Speculative decoding — the technique behind Google's newly released Multi-Token Prediction (MTP) drafters for the Gemma 4 family — attacks this from an unusual angle. It stops trying to make memory faster and starts spending the idle compute that the bottleneck creates. The drafters ship under Apache 2.0 on Hugging Face and Kaggle, with day-one support across transformers, MLX, vLLM, SGLang and Ollama. Google reports up to a 3x speedup with zero output degradation.

The "up to" is doing a lot of work, and the interesting story is in why.

What MTP Drafters Actually Do

The architecture pairs a heavy target model (Gemma 4 31B, say) with a much smaller drafter that proposes candidate tokens cheaply. The target model verifies a batch of candidates in a single forward pass, accepting tokens that match its own probability distribution and rejecting the rest. The verification step itself generates one bonus token on top of any accepted draft tokens.

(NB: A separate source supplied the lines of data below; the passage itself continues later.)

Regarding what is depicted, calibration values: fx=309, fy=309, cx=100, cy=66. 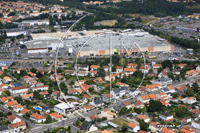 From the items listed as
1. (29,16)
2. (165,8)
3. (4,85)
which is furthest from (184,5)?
(4,85)

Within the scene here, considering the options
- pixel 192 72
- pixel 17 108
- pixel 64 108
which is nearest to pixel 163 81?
pixel 192 72

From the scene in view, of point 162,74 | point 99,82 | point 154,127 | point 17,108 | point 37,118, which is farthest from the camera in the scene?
point 162,74

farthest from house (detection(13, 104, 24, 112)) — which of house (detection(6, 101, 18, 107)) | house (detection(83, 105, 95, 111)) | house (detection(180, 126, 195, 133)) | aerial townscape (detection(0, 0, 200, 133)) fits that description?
house (detection(180, 126, 195, 133))

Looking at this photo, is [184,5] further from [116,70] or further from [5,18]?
[116,70]

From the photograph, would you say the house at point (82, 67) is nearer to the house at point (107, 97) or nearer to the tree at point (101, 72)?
the tree at point (101, 72)

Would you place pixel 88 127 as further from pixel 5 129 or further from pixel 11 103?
pixel 11 103

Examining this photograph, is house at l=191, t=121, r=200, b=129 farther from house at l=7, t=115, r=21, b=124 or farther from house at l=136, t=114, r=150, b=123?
house at l=7, t=115, r=21, b=124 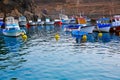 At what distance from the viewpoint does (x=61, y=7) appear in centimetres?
13175

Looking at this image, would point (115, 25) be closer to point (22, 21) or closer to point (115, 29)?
point (115, 29)

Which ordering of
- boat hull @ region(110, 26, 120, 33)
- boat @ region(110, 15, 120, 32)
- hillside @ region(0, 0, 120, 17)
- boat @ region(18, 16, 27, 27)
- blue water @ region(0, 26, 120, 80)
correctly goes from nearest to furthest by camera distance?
blue water @ region(0, 26, 120, 80) < boat hull @ region(110, 26, 120, 33) < boat @ region(110, 15, 120, 32) < boat @ region(18, 16, 27, 27) < hillside @ region(0, 0, 120, 17)

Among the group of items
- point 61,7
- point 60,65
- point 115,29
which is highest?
point 61,7

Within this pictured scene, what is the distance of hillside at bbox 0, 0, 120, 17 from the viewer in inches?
3959

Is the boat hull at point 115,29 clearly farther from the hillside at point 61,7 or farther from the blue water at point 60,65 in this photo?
the hillside at point 61,7

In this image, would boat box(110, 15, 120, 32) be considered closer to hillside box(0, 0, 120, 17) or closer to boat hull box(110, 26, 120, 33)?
boat hull box(110, 26, 120, 33)

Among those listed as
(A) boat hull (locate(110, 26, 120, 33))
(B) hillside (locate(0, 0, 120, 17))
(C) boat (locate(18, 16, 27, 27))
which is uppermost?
(B) hillside (locate(0, 0, 120, 17))

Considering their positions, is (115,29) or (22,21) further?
(22,21)

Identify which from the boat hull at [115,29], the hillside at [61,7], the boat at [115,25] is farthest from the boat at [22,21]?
the boat hull at [115,29]

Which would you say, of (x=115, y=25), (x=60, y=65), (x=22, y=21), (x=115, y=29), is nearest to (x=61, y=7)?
(x=22, y=21)

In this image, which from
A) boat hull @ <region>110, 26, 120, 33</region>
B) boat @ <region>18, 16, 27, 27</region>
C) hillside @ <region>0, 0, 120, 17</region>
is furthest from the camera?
hillside @ <region>0, 0, 120, 17</region>

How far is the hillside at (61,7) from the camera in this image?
100562 millimetres

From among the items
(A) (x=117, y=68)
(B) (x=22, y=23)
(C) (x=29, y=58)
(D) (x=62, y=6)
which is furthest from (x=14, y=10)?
(A) (x=117, y=68)

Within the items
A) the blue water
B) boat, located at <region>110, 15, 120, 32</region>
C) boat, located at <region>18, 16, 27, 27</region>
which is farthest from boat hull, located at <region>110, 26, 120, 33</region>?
boat, located at <region>18, 16, 27, 27</region> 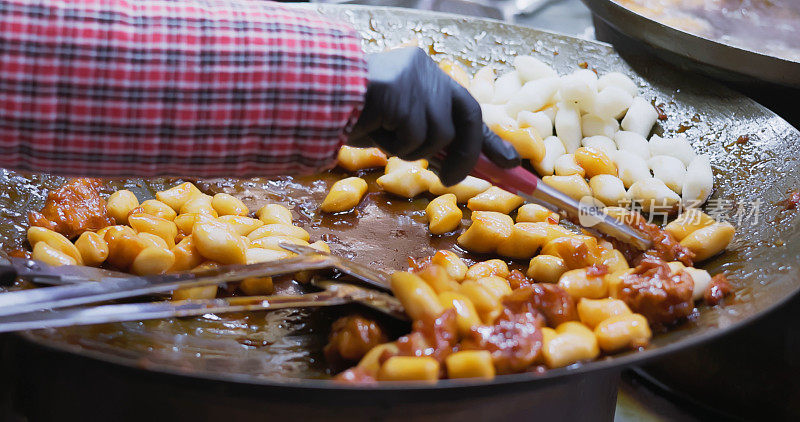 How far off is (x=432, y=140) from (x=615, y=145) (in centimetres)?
73

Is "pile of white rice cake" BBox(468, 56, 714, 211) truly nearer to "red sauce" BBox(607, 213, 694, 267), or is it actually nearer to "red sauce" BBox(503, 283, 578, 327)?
"red sauce" BBox(607, 213, 694, 267)

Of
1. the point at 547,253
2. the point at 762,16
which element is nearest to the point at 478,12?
the point at 762,16

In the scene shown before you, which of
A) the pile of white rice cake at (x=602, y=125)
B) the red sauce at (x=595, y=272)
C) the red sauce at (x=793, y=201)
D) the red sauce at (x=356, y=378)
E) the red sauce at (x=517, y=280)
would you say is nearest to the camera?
the red sauce at (x=356, y=378)

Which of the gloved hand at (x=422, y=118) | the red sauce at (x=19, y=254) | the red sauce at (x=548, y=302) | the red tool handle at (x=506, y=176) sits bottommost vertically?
the red sauce at (x=19, y=254)

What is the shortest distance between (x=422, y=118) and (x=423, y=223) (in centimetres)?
45

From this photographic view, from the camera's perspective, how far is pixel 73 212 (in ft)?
4.14

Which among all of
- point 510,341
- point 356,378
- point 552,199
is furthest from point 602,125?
point 356,378

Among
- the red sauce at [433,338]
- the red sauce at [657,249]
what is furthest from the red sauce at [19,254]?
the red sauce at [657,249]

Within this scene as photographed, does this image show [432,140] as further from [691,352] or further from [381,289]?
[691,352]

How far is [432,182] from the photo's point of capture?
146cm

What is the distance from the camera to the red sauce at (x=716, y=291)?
110 centimetres

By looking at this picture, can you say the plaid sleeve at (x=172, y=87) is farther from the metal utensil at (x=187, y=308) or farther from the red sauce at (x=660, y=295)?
the red sauce at (x=660, y=295)

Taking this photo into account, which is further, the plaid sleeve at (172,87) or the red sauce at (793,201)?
the red sauce at (793,201)

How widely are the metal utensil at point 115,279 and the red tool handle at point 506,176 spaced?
0.69 feet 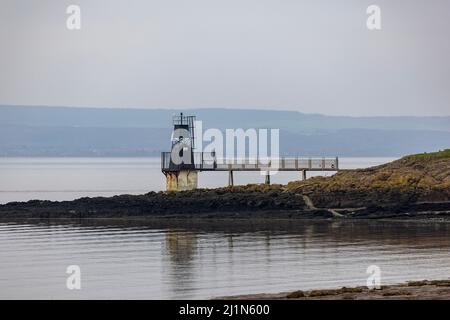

When the drafter is accurate, the system produces the full drafted sequence plus one token in the latency budget of a single token. When it isn't, throughput falls back toward standard decoding. Crucially, every accepted token is a token the target model would have produced anyway — the technique is mathematically lossless, not a distillation tradeoff.

That much is the textbook explanation. It is also not where the 3x comes from.

The Speedup Lives in the Implementation, Not the Idea

Speculative decoding has been published since 2022. Naive implementations exist, and they do not produce a 3x speedup. The Gemma 4 release earns its number through two specific engineering decisions buried in the announcement.

Activation and KV cache sharing. The drafter does not maintain its own key-value cache or recompute the prompt's context from scratch. It reuses the target model's activations and KV cache directly. This sounds like a minor optimization; in practice it is the optimization. Recomputing context for two models in lockstep would erase most of the speedup the small drafter buys you, because cache rebuilds are themselves memory-bandwidth-bound. By piggybacking on the target's state, the drafter's marginal cost stays close to the cost of its own forward pass and nothing more.

The side effect is tight coupling. You cannot swap the drafter for an unrelated small model, and you cannot independently upgrade either component without recalibrating against the other. Custom fine-tunes of Gemma 4 likely need their own custom-trained drafter to keep acceptance rates intact — the released drafter was trained against the base model's distribution, and the further your fine-tune moves that distribution, the more often the target will reject draft tokens.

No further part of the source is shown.